Troy’s Kresge Foundation to Provide $22M in Investments to Anchor Opportunity Zone Funds

The Kresge Foundation in Troy will partner with two impact fund managers and provide $22 million in investments to anchor emerging Opportunity Zone Funds. Together, the managers expect to raise and deploy more than $800 million in capital nationally into census tracts designated as these zones.
The Kresge Foundation will provide $22 million in investments to anchor emerging Opportunity Zone Funds. // Stock photo

The Kresge Foundation in Troy will partner with two impact fund managers and provide $22 million in investments to anchor emerging Opportunity Zone Funds. Together, the managers expect to raise and deploy more than $800 million in capital nationally into census tracts designated as these zones.

Boston’s Arctaris Impact and Fort Lauderdale’s Community Capital Management each will receive a guarantee from Kresge that provides risk mitigation and first-loss protection to their Opportunity Zone Funds. The guarantees will look to improve the risk-return profile of the funds, making them more attractive to investors seeking social and financial returns.

The Opportunity Zones incentive was created as part of the 2017 tax reform legislation. The incentive’s goal is to direct investment to low-income communities. As written, the law includes no transparency, accountability, impact requirement, or disclosure on investments made during the incentive.

“Opportunity Zones will only be a positive force in low-income communities if paired with responsible investing principles,” says Rip Rapson, president and CEO of Kresge. “This legislation was passed without minimum transparency or reporting guidelines, permitting a ripe opportunity for misuse.

“Nearly a hundred are rumored to be currently seeking investment. Because of our mission to expand opportunity in low-income communities, Kresge has decided to put into action and model for other investors how solid deals can be constructed to meet the needs of investors and communities alike. Our intent is to establish proof points at scale to demonstrate that there is a responsible way to implement this incentive.”

Arctaris and Community Capital Management have committed to making investments that reflect the stated social and community goals of the Opportunity Zones program and address unmet needs in under-resources communities.

Both firms have agreed to go beyond the requirements of the legislation by prioritizing the development of affordable housing units and preventing displacement; investing in the creation of living-wage jobs; and prohibiting non-productive investments such as those into self-storage facilities. Managers will also form community advisory boards.

“The level of transparency and reporting Arctaris and CCM have agreed to have set the standard for what investors should ask for before committing dollars to Opportunity Zone Funds,” says Kimberlee Cornett, managing director of Kresge’s social investment practice, which has a $350-million-impact investing pool.

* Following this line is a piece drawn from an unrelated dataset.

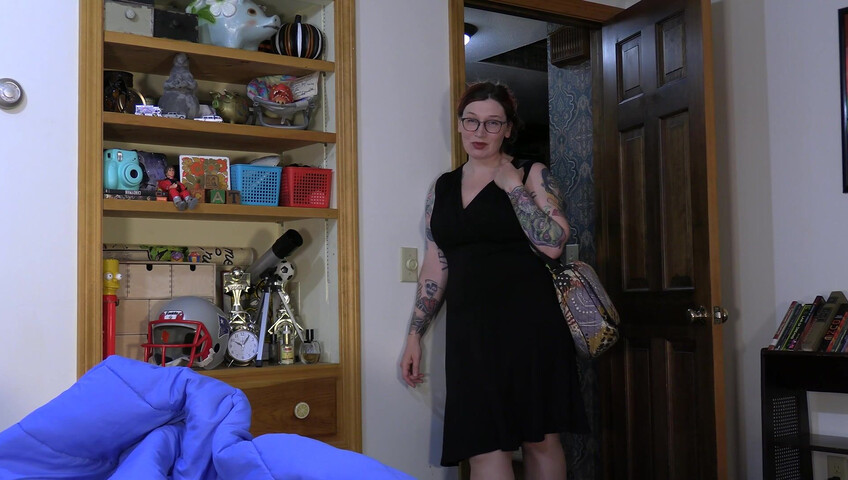 Bettie Bondage - Mom's Truth About the School Trip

“These firms are already established leaders in the impact investing space, and we’re thrilled they are taking up a leadership position in this new market. Our desire is to signal strong public endorsement of these funds to potential investors who care about getting it right and acting with the best interests of low-income communities in mind.”

The agreement listed complements the principles put forward in the Opportunity Zones Reporting Framework that was developed in part through Kresge grants to the U.S. Impact Investing Alliance and the Beeck Center for Social Impact and Innovation at Georgetown University.

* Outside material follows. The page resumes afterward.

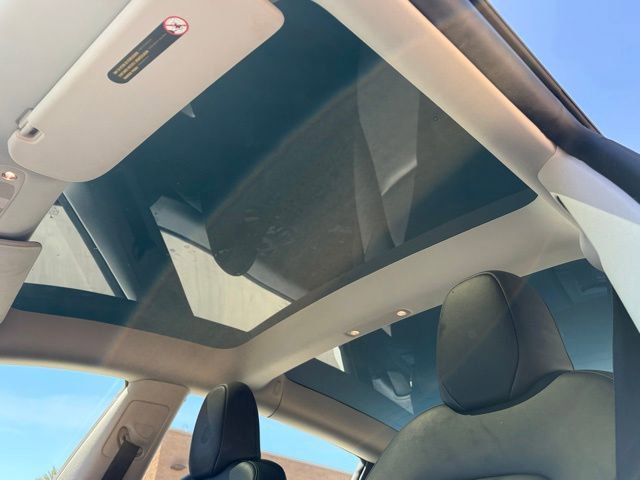 Used 2023 Tesla Model 3 Standard Range image 10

Arctairs manages four impact funds focused on operating businesses in low-income communities. It has received $15 million from Kresge in guarantee commitments to provide principal protection to its Opportunity Zone Fund, pending final IRS guidance on business investments expected. Arctaris plans to launch an Opportunity Zone Fund with more than $500 million in initial capitalization from U.S. commercial banks, institutional investors, and family offices.

“Arctaris has been investing in the same geographic areas now referred to as Opportunity Zones for more than a decade, and we’ve seen first-hand how businesses located in these communities have faced systemic challenges and barriers to growth capital, which restricts job creation,” says Jonathan Tower, managing partner and co-founder at Arctaris.

“In some target cities, most local businesses have already fled. This fund seeks to provide capital and incentives to bring them back – accelerating the growth of existing businesses and attracting companies from elsewhere to set up new offices or build factories. The Opportunity Zones legislation has encouraged Arctaris – and hopefully other investment managers – to use Wall Street’s tool box for the common good as funds are formed with community impact at their core.”

Community Capital Management is an impact investing manager and will receive a $7-million guarantee commitment for its National Opportunity Zones Fund, which will provide equity investments into projects that support one or more of its 18 impact themes. It plans to assemble a diverse portfolio of investments in qualified Opportunity Zone businesses and is targeted to attract $300 million from investors.

“The Opportunity Zone Program represents a unique way to bring new investors into the impact investing arena. The tax advantages may draw people in, but they may be pleasantly surprised by the positive impact outcomes that are as rigorous, granular, and transparent as traditional financial reporting,” says David F. Sand, chief impact strategist for Community Capital Management. “The covenants we have agreed to might not be required by legislation or regulation, but we believe they should be – we are going above and beyond to demonstrate to the market what this can look like when done right.”

Actaris and Community Capital Management were selected from a pool of more than 140 proposals.

Kresge invests more than $160 million each year to foster economic and social change.